### Source data
= Beginning of Section =
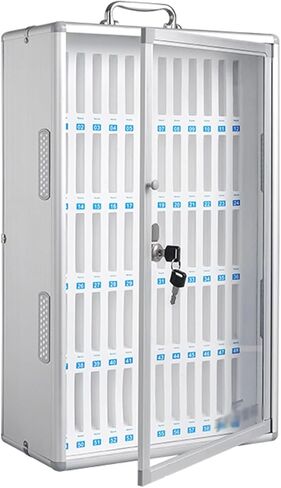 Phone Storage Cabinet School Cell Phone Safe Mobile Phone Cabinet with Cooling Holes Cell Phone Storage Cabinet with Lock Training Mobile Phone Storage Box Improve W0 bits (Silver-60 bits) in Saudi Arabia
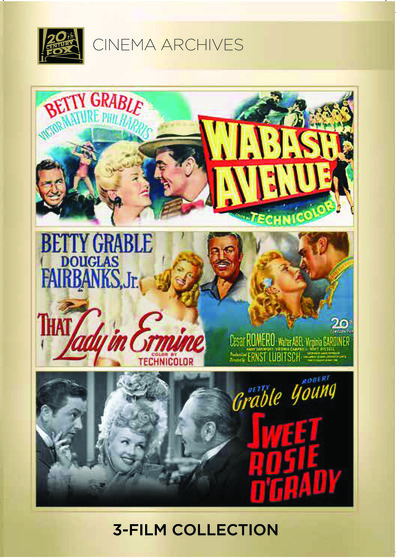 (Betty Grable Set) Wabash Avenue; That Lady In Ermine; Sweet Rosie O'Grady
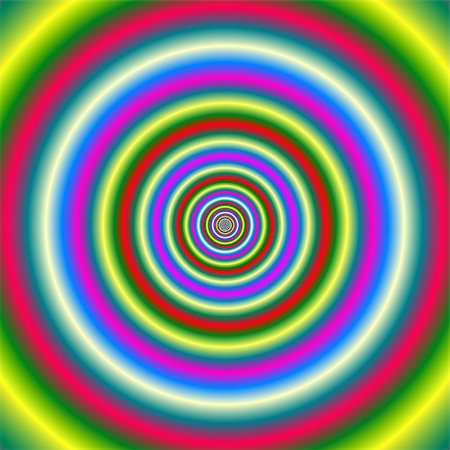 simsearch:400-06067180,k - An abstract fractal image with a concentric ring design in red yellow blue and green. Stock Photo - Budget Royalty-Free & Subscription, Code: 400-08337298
= End of Section =
### Action item
Please print the span that begins at the line holding "(Betty Grable Set)" and ends at the last line of the data, both ends included, with no pictures.

### Solution
 (Betty Grable Set) Wabash Avenue; That Lady In Ermine; Sweet Rosie O'Grady
 simsearch:400-06067180,k - An abstract fractal image with a concentric ring design in red yellow blue and green. Stock Photo - Budget Royalty-Free & Subscription, Code: 400-08337298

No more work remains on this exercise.